In the entries below, count the lines that hold the string "pour" and state only that count.
────
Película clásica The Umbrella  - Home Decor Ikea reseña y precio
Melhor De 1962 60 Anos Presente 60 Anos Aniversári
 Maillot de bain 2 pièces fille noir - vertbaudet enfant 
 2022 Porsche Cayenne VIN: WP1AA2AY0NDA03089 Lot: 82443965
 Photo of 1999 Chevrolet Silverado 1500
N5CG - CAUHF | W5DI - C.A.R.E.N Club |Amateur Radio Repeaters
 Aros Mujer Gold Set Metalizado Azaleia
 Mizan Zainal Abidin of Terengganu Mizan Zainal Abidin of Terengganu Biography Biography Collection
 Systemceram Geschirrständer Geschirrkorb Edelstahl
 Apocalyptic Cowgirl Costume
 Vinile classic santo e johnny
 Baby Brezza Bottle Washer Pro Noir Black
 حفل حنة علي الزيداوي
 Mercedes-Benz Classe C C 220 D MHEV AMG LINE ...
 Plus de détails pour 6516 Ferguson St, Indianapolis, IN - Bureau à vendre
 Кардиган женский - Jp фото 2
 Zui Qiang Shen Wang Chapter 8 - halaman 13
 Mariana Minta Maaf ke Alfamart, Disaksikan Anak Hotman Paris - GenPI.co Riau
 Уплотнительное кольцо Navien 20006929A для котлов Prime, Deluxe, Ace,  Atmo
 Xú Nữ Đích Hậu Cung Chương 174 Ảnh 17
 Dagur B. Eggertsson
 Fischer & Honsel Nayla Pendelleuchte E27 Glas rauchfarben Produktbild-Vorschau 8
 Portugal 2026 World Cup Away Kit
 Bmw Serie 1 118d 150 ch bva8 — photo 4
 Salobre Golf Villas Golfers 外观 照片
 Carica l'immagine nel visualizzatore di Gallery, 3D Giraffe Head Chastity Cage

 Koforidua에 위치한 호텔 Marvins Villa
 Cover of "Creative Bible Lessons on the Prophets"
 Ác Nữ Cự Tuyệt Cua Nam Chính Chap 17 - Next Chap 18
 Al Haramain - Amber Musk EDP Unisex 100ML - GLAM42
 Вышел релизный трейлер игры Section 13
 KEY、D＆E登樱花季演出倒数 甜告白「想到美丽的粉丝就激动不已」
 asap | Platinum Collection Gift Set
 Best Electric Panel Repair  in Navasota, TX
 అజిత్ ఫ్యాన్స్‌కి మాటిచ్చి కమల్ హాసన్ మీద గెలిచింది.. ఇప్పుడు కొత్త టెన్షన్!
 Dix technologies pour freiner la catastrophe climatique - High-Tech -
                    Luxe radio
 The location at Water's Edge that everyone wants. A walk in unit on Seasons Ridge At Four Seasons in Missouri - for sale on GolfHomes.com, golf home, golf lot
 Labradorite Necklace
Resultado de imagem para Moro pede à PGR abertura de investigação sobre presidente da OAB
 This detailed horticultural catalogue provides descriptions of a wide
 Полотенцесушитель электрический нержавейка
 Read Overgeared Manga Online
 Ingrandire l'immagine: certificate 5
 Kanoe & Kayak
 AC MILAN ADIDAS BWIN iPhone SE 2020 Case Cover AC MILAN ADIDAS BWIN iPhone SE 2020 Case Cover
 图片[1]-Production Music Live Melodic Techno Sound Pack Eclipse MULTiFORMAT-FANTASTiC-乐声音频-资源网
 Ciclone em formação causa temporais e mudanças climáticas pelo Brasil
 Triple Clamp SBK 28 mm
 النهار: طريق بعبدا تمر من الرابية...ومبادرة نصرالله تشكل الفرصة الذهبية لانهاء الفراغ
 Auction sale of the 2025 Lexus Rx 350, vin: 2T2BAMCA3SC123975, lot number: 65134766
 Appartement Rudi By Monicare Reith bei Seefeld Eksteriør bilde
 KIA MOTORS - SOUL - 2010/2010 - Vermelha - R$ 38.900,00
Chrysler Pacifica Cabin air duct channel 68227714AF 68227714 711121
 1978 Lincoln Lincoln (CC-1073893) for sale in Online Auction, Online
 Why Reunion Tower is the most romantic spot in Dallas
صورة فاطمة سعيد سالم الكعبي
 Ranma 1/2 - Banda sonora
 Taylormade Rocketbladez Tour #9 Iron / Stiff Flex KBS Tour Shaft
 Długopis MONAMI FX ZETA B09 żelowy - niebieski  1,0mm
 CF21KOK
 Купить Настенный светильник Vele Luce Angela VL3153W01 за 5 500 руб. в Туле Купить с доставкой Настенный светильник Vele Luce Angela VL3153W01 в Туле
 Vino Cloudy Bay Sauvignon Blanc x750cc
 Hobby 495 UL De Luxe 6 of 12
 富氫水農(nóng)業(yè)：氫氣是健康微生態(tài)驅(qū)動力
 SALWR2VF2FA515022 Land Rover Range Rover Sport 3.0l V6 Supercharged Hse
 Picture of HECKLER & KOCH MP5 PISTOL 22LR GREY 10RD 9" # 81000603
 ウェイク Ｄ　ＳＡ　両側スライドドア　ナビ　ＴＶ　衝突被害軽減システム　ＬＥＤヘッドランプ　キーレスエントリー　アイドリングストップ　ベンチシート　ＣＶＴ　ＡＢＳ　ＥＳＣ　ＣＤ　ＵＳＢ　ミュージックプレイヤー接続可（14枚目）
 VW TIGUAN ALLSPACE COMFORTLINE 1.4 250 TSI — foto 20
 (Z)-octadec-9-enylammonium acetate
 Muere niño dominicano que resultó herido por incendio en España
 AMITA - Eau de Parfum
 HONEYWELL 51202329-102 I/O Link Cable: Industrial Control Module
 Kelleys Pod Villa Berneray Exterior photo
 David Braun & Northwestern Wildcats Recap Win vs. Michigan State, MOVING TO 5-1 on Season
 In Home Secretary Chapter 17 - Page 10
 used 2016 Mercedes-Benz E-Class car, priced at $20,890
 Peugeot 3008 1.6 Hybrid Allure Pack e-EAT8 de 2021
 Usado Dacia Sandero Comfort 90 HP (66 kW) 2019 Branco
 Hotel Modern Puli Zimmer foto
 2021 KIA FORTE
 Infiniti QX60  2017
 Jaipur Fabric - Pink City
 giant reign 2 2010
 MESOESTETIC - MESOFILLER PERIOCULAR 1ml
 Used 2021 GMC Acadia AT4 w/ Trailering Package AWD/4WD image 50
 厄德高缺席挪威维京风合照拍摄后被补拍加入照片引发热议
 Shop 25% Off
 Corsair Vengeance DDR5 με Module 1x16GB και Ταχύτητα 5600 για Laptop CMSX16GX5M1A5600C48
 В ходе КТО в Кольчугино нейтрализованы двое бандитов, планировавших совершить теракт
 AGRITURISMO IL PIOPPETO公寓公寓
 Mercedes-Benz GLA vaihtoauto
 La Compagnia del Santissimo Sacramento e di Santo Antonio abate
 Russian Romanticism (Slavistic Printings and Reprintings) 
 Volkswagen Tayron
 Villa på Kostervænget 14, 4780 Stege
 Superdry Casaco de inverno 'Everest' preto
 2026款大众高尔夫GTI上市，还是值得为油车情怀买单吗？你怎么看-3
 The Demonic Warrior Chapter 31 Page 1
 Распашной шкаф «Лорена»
────
**OUTPUT FOR THIS EXERCISE**
2